On our 3rd day in Hoi An, we were ready to get out and do something! We went to the Sleepy Gecko Chillout Bar to arrange a bicycle tour for the next day.
We had to cross the river on a bridge that is closed to cars and trucks.
When we got to the Sleepy Gecko (To 5 Thon Xuyen Trung, CamNam, Hoi An, Telephone +84 (0) 908 426-349), it was only about 9 or 10 in the morning so we had a nice relaxing brunch.
Fortuitously, Sleepy Gecko owner Steve has two daughters, each a little younger than Jojo and Deeds. They had a great time “playing billiards” together, and the food was good too.
The place was still decorated for Christmas, as it was only December 30. Deeds liked the Santa Claus boot ornament.
Jojo had pho with chicken, and the rest of us had western delicacies. Weary travelers will find some good western-style comfort food at the Sleepy Gecko, like meat pies, loaded baked potato, chicken fingers, and grilled cheese sandwich.
Deeds is going through an independent phase where he isn’t willing to hold my hand or be carried very often.
This being the case, we are usually found straggling far behind Papa and Jojo when we are out and about on foot.
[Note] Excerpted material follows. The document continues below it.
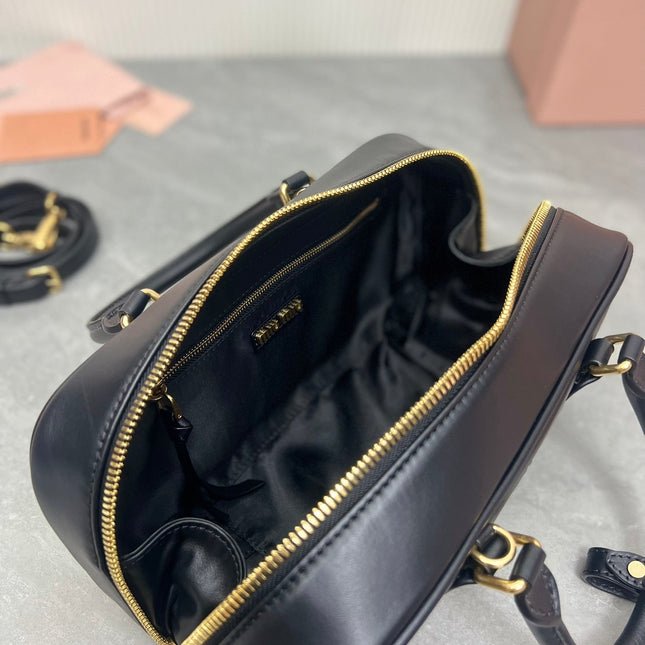 ARCADIE BAG 27 IN BLACK SHINY CALFSKIN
This banana lady came up and insisted that I take her picture with Deeds, even though I told her “no money” (I really only had like less than $5 on me). She said “no money, okay” but then after the picture she knelt down, put some bananas in a bag, handed them to Deeds, and turned to me and said, “20,000 Dong”.
I already knew she was going to do that (I should never have taken the picture! My spidey senses were tingling), so I just gave her the darn money and went on our way. I should have demanded more than 3 bananas though, and one of them had ants crawling out of a split in the skin!
Also in town, we checked on the cool Monkees-style boots we had made for Jojo at this shoe shop:
We went back to our hotel for nap time and then rented two bicycles and followed the “walking tour” outlined in our (outdated, 2003 version) Lonely Planet Guidebook.
The Japanese Covered Bridge is an interesting piece of history, originally built in 1593. It is a covered bridge and has a small temple built into the side. Jojo wanted to drop some money into the donation box, and then of course Deeds had to do the same.
Sorry to the random tourist lady who didn’t step out of our family photo.
The Chinese Assembly Hall we visited has been in use since the 1770’s and had photos displayed of a visit from Jiang Zemin (China’s leader from 1989-2002). I’m sure more details were written somewhere in a language that I can’t read.
When we walked inside I was amazed at how much incense was hanging from the ceiling. And I wondered why they also had a no smoking sign posted? How would anyone know where the smoke was coming from?